BEGIN DATASET EXCERPT

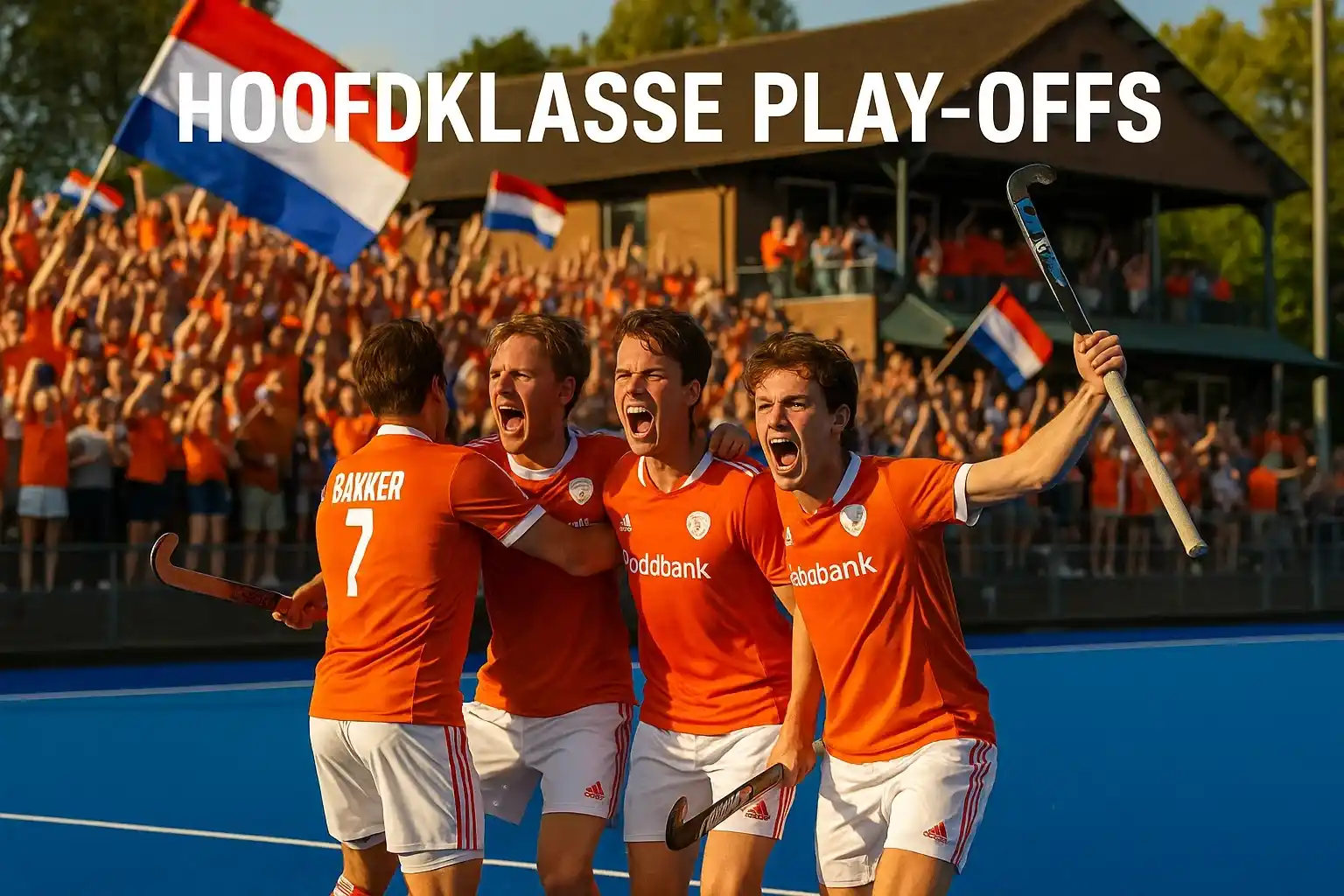 Nederlandse Hoofdklasse hockey playoff wedstrijd met oranjegeklede fans op de tribune en spelers op het blauwe kunstgrasveld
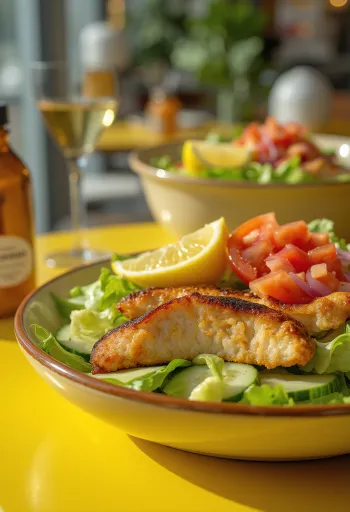 Frisk kyllingesalat med sprøde grøntsager og grillet kyllingebryst, med balsamico dressing.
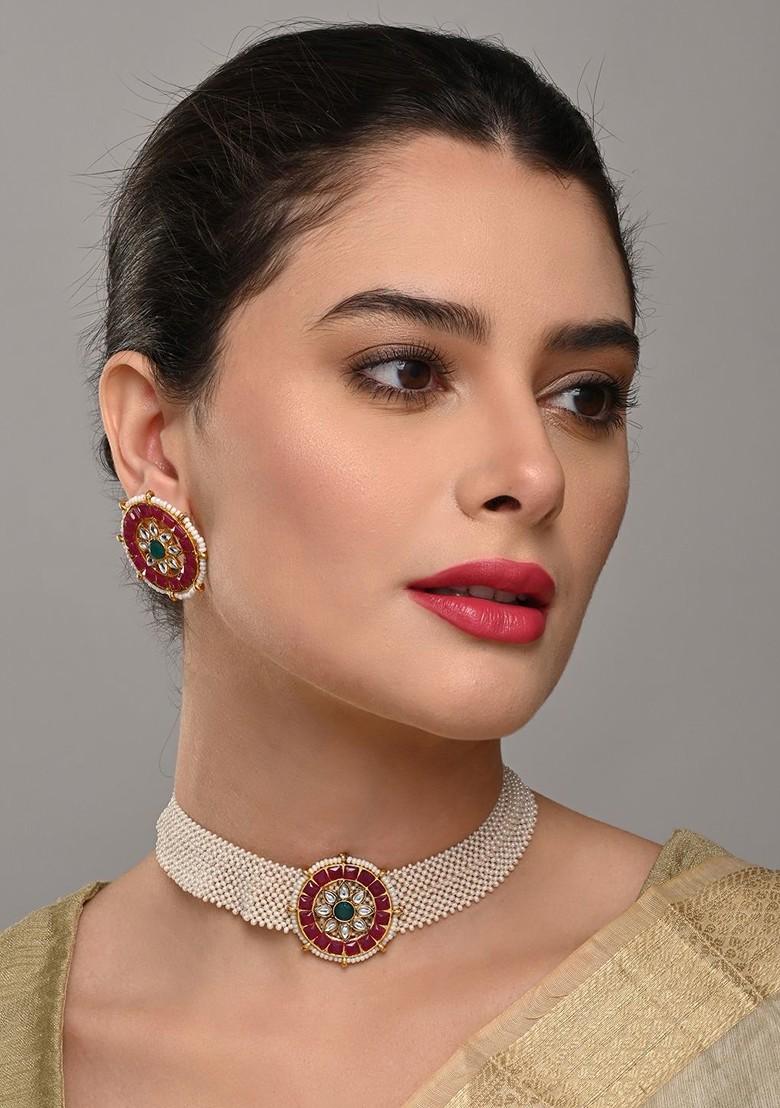 Gold Plated Stone Studded And Beaded Necklace And Earrings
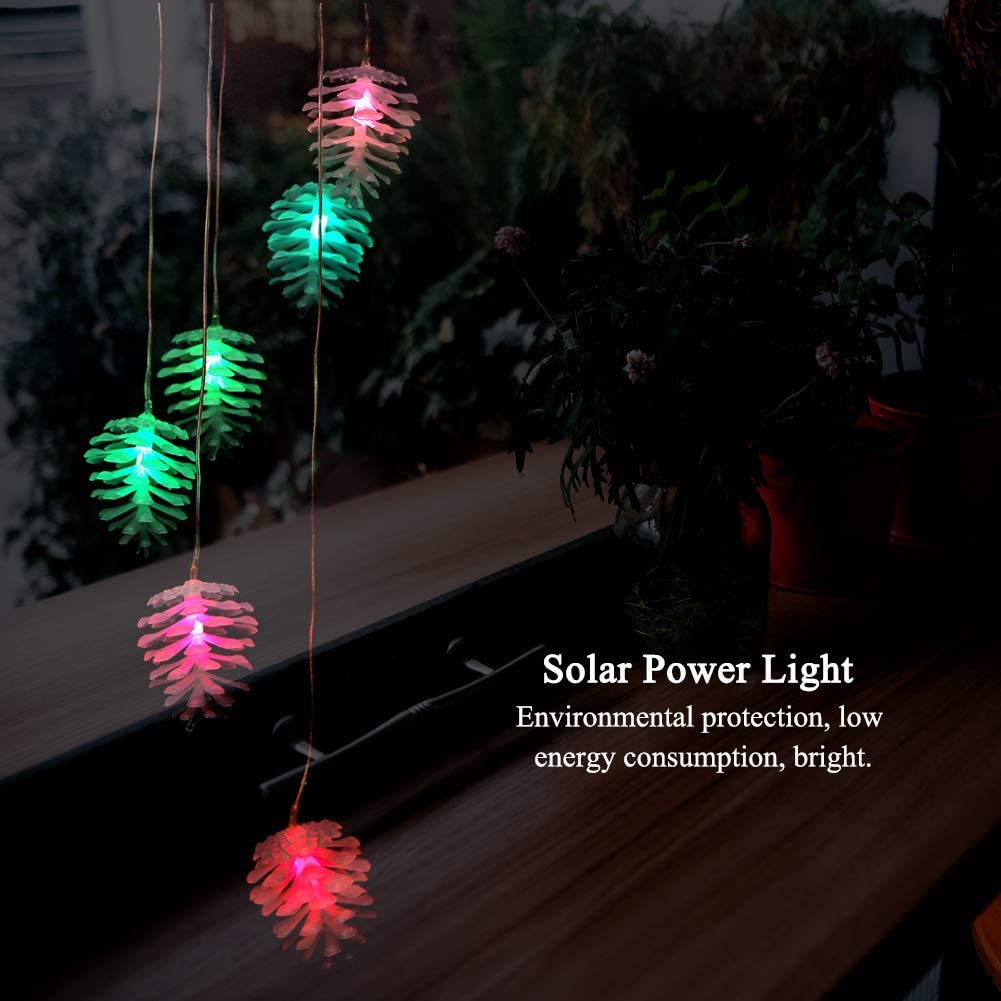 Solar Power LED Color Changing Pine Cones Wind chime Light Outdoor Garden Lamp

END DATASET EXCERPT

> _TASK DETAILS_: Reproduce exactly, and only, the lines from the opening line of the listing above through the line holding "Frisk kyllingesalat med", minus the pictures.

> _SOLVED EXERCISE_:
 Nederlandse Hoofdklasse hockey playoff wedstrijd met oranjegeklede fans op de tribune en spelers op het blauwe kunstgrasveld
 Frisk kyllingesalat med sprøde grøntsager og grillet kyllingebryst, med balsamico dressing.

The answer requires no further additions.